## Dataset content
Content starts

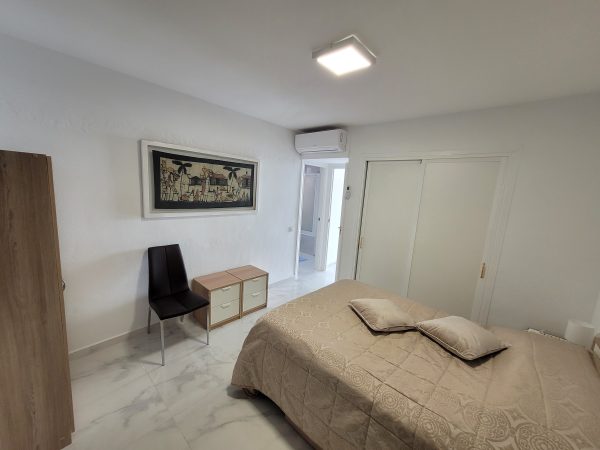 Alquiler de apartamento con vistas al mar en Fuengirola - Imagen 4
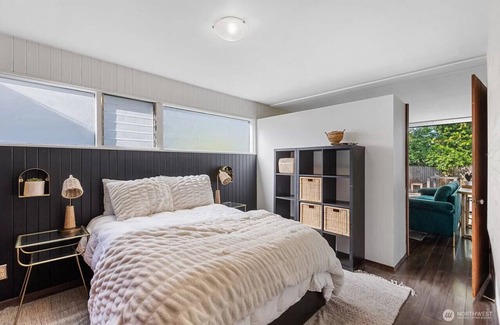 Fremont House | 1BR 1BA Emerald Garden Bliss Seattle Location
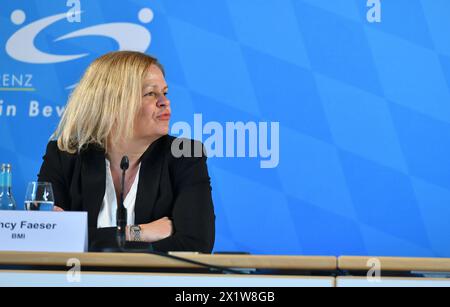 Bundesinnenministerin Nancy Faser bei der Abschluß-Pressekonferenz der Deutschen Sportministerkonferenz am Donnerstag 18.4.2024 a Saarbrücken. *** Ministro federale dell'interno Nancy Faser alla conferenza stampa finale della Conferenza tedesca dei ministri dello sport giovedì 18 4 2024 a Saarbrücken BUB Foto Stock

Content ends

## Exercise objective
Exact output of each line above is wanted, without the pictures.

## Written reply
 Alquiler de apartamento con vistas al mar en Fuengirola - Imagen 4
 Fremont House | 1BR 1BA Emerald Garden Bliss Seattle Location
 Bundesinnenministerin Nancy Faser bei der Abschluß-Pressekonferenz der Deutschen Sportministerkonferenz am Donnerstag 18.4.2024 a Saarbrücken. *** Ministro federale dell'interno Nancy Faser alla conferenza stampa finale della Conferenza tedesca dei ministri dello sport giovedì 18 4 2024 a Saarbrücken BUB Foto Stock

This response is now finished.